Current Balance Differential Protection of Transmission Lines:
Biased differential protection due to McColl is an example of current balance differential protection.
For understanding its principle let us first consider the protection of single phase feeders. The scheme is illustrated in Fig. 5.9. The current transformers CT1, and CT2 are mounted on the two ends of the protected line. The secondaries of the two CTs are connected through the restraining coils R1 and R2 and pilot wires P1 and P2. The operating coils of the relays are also connected across the secondaries of the CTs through diverting resistances DR1 and DR2 as illustrated in Fig. 5.9.
Each of these two diverting resistances is equal to pilot wire resistance which will cause same current to flow through the operating coils O1 and O2. For equal number of turns on restraining coil and operating coil equal pull will be exerted on the sides of the beam relay.
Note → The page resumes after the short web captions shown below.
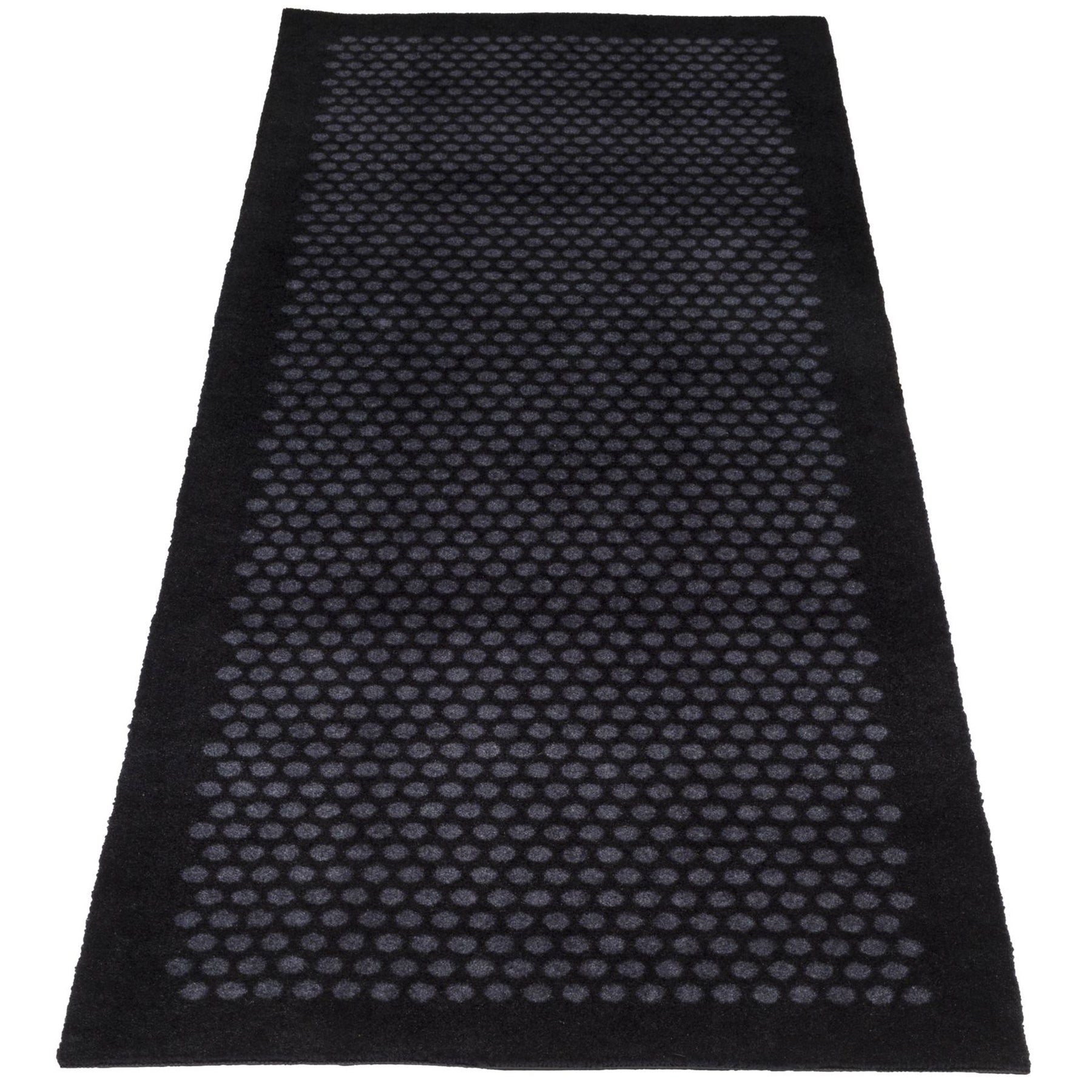 FLOOR MAT 67 x 200 CM - DOT BLACK/grey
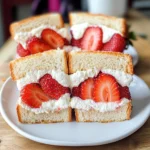 Strawberry Cream Sandwiches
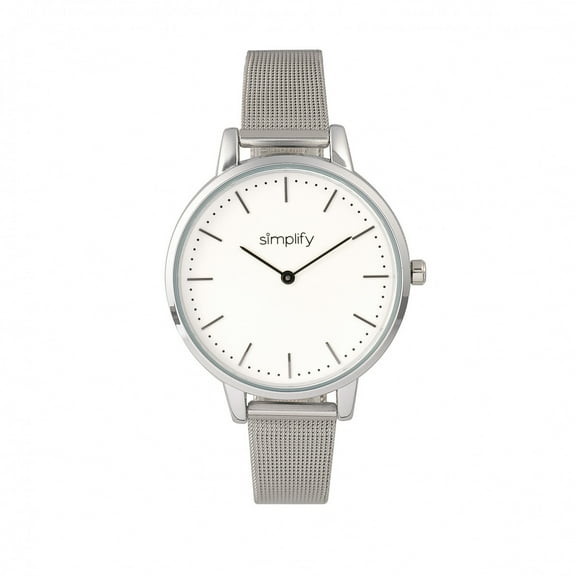 Simplify The 5800 Mesh Bracelet Watch - Silver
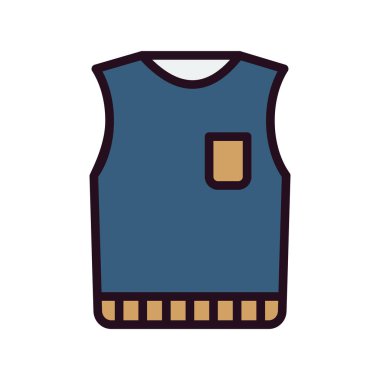 Kolsuz Jumper düz vektör simgesi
However, mechanical biasing can also be provided by moving the fulcrum towards the operating coil and such an arrangement can allow 10 to 12 per cent greater current to flow in the operating coil before it can close contacts.
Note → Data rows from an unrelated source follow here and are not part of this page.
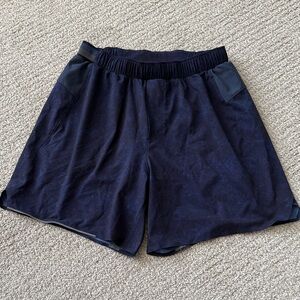 Lululemon Athletica Men’s Navy 6in Surge Shorts Lined Sz Small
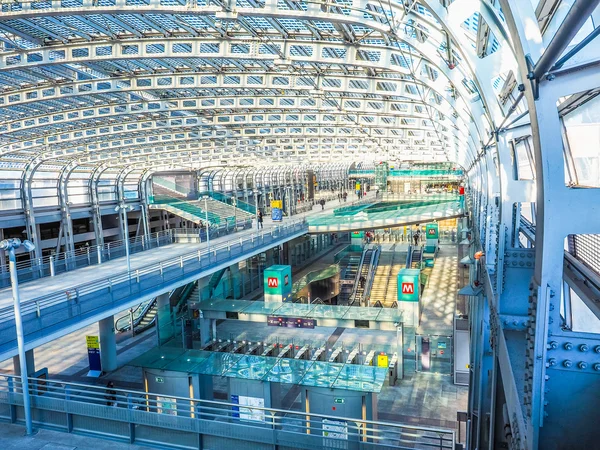 Nádraží Torino Porta Susa (Hdr) — Stock fotografie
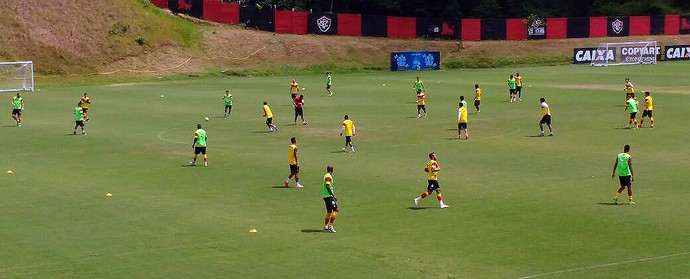 Vitória; treino; Toca do Leão; Barradão (Foto: Rafael Santana)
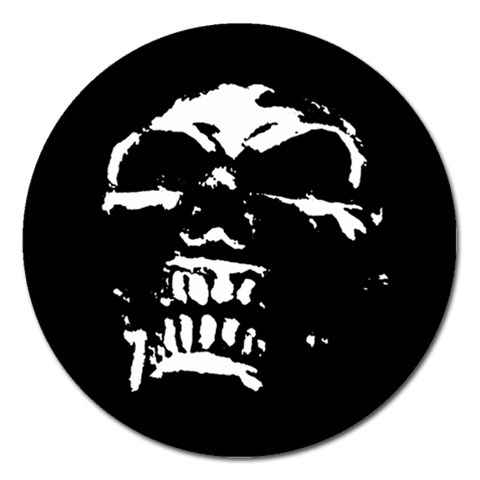 Morbid Skull Magnet 5  (Round) from UrbanLoad.com Front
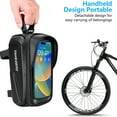 thumbnail image 4 of Lotpreco Bike Phone Mount Bag, Cycling Waterproof Front Frame Top Tube Handlebar Bag with Touch Screen Holder Case for iPhone Android Cellphones, Bike Accessories for Adult Bikes, 4 of 8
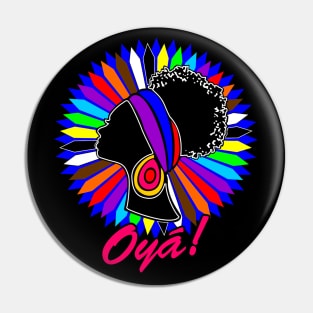 Oyá Espiral Pin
For an earth fault at point F, the current in CT1 will exceed that in CT2. The secondary current of CT1 will be flowing in two parallel paths—one path will be through diverting resistance DR1 and operating coil O1 and the second path will be through restraining coil R1, pilot-wire P1, diverting resistance DR2, operating coil O2, restraining coil R2 and pilot-wire P2. Obviously the resistance of second path (consists of 3 coils, 2 pilot-wires and one diverting resistance) is 3 times that of first path. Thus three- fourth of the total current will flow through the operation coil O1 and one-fourth through the restraining coil R1. If the current flowing through the operating coil O1 exceeds the relay setting, the feeder will be disconnected from the supply end.
Figure 5.10 shows the application of biased differential protection to a 3-phase feeder. The CT sets CT1 and CT2 are connected in delta formation because the star-connection would require four-pilot wires, the fourth pilot-wire being connected between two star points. The diverting resistances DR1 and DR2 need only be one half of the resistance of one pilot-wire, as the return pilot utilised for the fault current will also include a resistor equal to one half of this pilot resistance.
Let there be a fault in the R-phase at point F. The excess current in the secondary of CT1 will flow to junction a where it will divide into two parallel paths—one path through operating coil O1 and the diverting resistance DR1 shown by solid arrows, and another path will be through restraining coil R1, pilot wire P1, restraining coil R2, junction b, operating coil O2, diverting resistance DR2, junction c and then to junction d through pilot wire P3, as shown by dotted arrows.
The advantages of this protective scheme are given below:
1. The relay operating current increases automatically with the increase of through fault current which eliminates the possibility of malfunctioning of the relay.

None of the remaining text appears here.